Summary
stating "the PRR [(prison releasee reoffender)] statute as then drafted limits the enhanced sentencing as a PRR to those burglaries that involve a structure occupied by people"
Summary of this case from Bender v. Secretary of Florida Department of CorrOpinion
No. 4D99-2151
Opinion filed February 16, 2000
Appeal from the Circuit Court for the Seventeenth Judicial Circuit, Broward County; Susan Lebow, Judge; L.T. No. 98-26031 CF10A.
Richard L. Jorandby, Public Defender, and Allen J. DeWeese, Assistant Public Defender, West Palm Beach, for appellant.
Robert A. Butterworth, Attorney General, Tallahassee, and Barbara A. Zappi, Assistant Attorney General, Fort Lauderdale, for appellee.
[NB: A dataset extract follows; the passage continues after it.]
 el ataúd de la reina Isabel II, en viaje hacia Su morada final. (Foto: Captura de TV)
Defendant was convicted of burglary of a dwelling in violation of section 810.02(1)(3)(b). § 810.02(1)(3)(b), Fla. Stat. (1997). We affirm the conviction. The trial court sentenced defendant to 15 years as both a Prison Releasee Reoffender (PRR) and as a Habitual Felony Offender (HFO). We reverse the PRR sentence.
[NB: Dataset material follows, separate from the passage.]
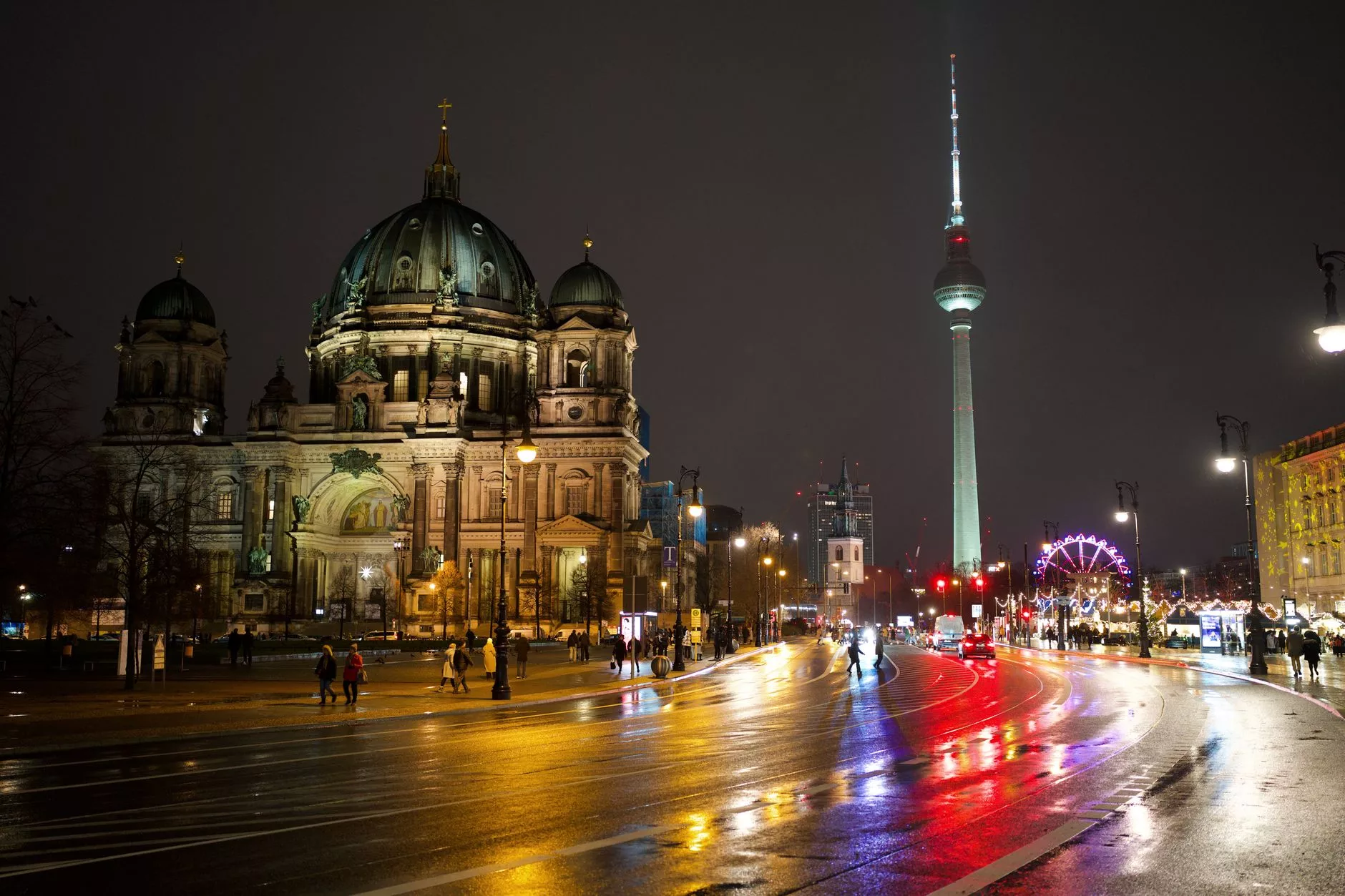 Berlin + Mitte bölgesi ve tarihi mimari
Section 775.082(8) defines a "Prison releasee reoffender" as anyone who commits or attempts to commit, among other enumerated crimes, "burglary of an occupied [e.s.] structure or dwelling" within three years of being released from a state correctional facility. § 775.082(8)(a)1.q. (1997) ("Burglary of an occupied structure or dwelling"). The precise charge against defendant was under section 810.02(3)(b), which specifies that "there is not another person in the dwelling at the time the offender enters or remains. . . ." Burglary under section 810.02(3)(b) is not one of the specified predicate crimes for sentencing as a PRR under section 775.082(8)(a)1.q., which specifies that the dwelling or structure be occupied. In other words, it is apparent to us that the PRR statute as then drafted limits the enhanced sentencing as a PRR to those burglaries that involve a structure occupied by people.
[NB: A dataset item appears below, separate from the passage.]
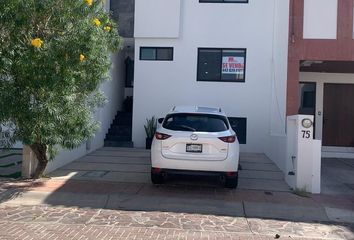 Casa en  Pedregal De Schoenstatt, Condominio Santo Tomás, El Pueblito, Corregidora, Querétaro, Mex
In this case the minimum mandatory sentence under HFO applicable to defendant was 10 years, while the minimum mandatory sentence under PRR that the trial court thought applicable to defendant was 15 years. Even though a sentence of 15 years under HFO was legally possible, we have no way of knowing whether the trial court imposed the 15 year sentence because it was the mandated minimum sentence under PRR. We therefore remand for resentencing as a habitual felony offender.